Whatever color he saw advised him more than an actual person ever could.
Through colors, Killian knew who to trust, kill, or not care enough about to waste his time.
Killian saw the world uniquely. Very few related to or understood it, leaving him to live a somewhat lonely life.
"Standing there will only piss me off. You know I hate a looming presence," he voiced, never taking his eyes off his painting.
"And you know I love watching you in your element. What is going on here?" I asked of his painting.
The canvas housed thick smudges of midnight blue, dark plum, forest green, with thin strokes of dusky rose. The blend of colors was breathtaking, but what I saw as beautiful, Killian probably saw differently.
"Nothing," he huffed, adding another thick slab of the rose color.
"Killian, you can talk to me." I sighed, walking fully into his studio. "I know you think I don't understand, but?—"

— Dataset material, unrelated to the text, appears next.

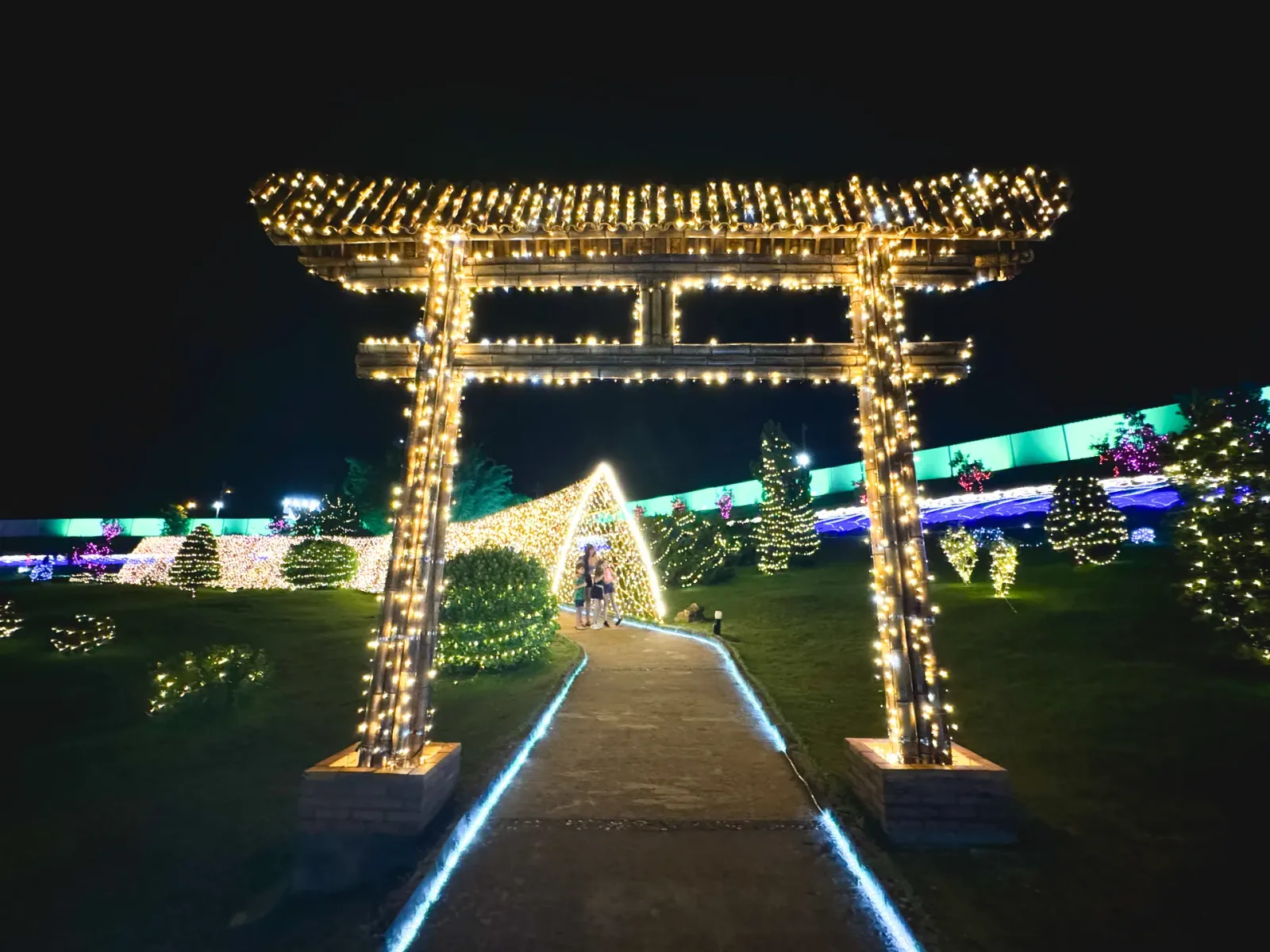 Tori (pórtico japonês) em bambu iluminado — Maringá Encantada 2023.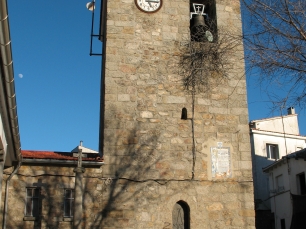 La iglesia de San Juan, en Piornal, forma parte del núcleo asentado sobre el altiplano de Tormantos.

"Emersyn, you don't understand. How can you when you find what I want as troublesome and weakening?"
I froze as a chill swept my spine from his cold tone.
"I may not want the same things as you, but it doesn't mean I don't understand."
"Then what does it mean? Have I not asked you to find me a wife?"
"Yeah, but?—"
"See, that's the problem. There is no but . Either you will or you won't, and you've made it very clear that you won't. Your exact words, if I'm not mistaken, were, ' Why do you need companionship when you have Grim, Ghost, and me?' "
I blinked back my frustration at how my brother twisted my intentions.
"Killian, I want you to have companionship. I really do?—"
"And here comes another but ," he interrupted, finally placing his lifeless eyes on me. A simple glance from Killian always felt like a hammer caving my chest in.
"Yes, a but is coming because you only hear the no instead of listening to the reason that follows.
I want you to be happy, Killian. You're my brother.
What kind of sister would I be if I didn't want that for you, but.
.." I paused to let the love and concern I felt for Killian sink in.
Hopefully, he saw whatever colors he needed to see to believe what I was telling him.
"The way you are going about finding a wife is a bit much. First, you ask me to help you, and when I say no, you make a deal with Chance. You were going to let that man give you his estranged daughter."
"So." He shrugged.
"So?" I snipped. "You can't just make deals with people to find you a wife. That's not how companionship, relationships, or marriage work."
"It worked for Beast." He shrugged.
"Who is Beast?"
"From Beauty and the Beast. Belle didn't willingly live in that gloomy, dusty ass castle. She did so in exchange for her father's freedom."
"Okay, but that's a fairytale. This is real life."
"It doesn't matter." He waved me off. "The point is the soil in which the seed grows doesn't have to be the richest for it to sprout. Love can flourish under the harshest conditions."
"That may be true, but what woman is going to willingly sign on to be the wife of a man she doesn't know?"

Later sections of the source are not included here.